Over two million people showed up to the polls on Friday, voter turnout reached 64%, which is one of the highest for a referendum in Ireland.
Tributes were also paid to Savita Halappanavar, a 31-year old Indian dentist, who died in 2012 after developing sepsis following a miscarriage. Her parents were quoted by the Irish Times newspaper as thanking their “brothers and sisters” in Ireland and requesting the new law be called “Savita’s law.”
Savita's name was chanted by YES campaigners at Dublin Castle, where the results were announced.
One woman was seen handing out After Eights, a mint chocolate, to people in the crowd.
Voters backed the ban by two-to-one, a far higher margin than any opinion poll in the run-up to the vote had predicted. The result allows the government to bring in legislation by the end of the year.
Anti-abortion activists conceded defeat early on Saturday as their opponents expressed astonishment at the scale of their victory. Lawmakers who campaigned for a “No” vote said they would not seek to block the government’s legislation.

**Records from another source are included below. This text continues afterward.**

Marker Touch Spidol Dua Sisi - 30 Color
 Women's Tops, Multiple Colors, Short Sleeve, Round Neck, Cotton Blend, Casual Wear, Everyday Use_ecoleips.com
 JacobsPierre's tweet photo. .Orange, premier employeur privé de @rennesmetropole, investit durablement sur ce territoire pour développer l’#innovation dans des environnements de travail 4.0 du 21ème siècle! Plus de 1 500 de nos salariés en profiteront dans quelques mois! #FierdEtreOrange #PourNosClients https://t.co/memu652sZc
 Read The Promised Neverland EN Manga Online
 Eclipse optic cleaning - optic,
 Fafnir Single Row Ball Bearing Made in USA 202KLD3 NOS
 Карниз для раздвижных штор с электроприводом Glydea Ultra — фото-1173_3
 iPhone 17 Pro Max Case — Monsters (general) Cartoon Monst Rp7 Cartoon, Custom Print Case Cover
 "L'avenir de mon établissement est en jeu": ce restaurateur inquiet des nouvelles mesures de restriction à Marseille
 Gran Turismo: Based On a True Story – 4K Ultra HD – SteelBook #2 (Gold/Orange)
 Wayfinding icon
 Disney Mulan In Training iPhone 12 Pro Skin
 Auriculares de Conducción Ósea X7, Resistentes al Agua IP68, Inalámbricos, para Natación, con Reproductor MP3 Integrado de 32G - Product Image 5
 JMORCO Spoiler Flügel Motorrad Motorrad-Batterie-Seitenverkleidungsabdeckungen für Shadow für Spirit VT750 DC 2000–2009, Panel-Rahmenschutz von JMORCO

“What Irish voters did yesterday is a tragedy of historic proportions,” the Save The 8th group said. “However, a wrong does not become a right simply because a majority support it.”
Amnesty International, the rights group, welcomed the referendum result as "a victory for equality, for dignity, for respect and compassion." But it said Northern Ireland's abortion laws must now be relaxed.
Access to abortion is also highly restricted across the border in Northern Ireland, which is part of the United Kingdom.
Could the result put pressure on Northern Ireland?
The Irish vote could put the spotlight on Northern Ireland, which has highly restrictive abortion laws. Northern Ireland will soon become the only place in the UK and Ireland – and most of Europe – where terminations are outlawed apart from in the most exceptional circumstances.
Jim Wells, a member of Northern Ireland’s socially conservative Democratic Unionist Party, said “it is inevitable that the abortion industry based in Great Britain will set up clinics in border towns,” he said. “The outcome of the referendum is an extremely worrying development for the protection of the unborn child in Northern Ireland.”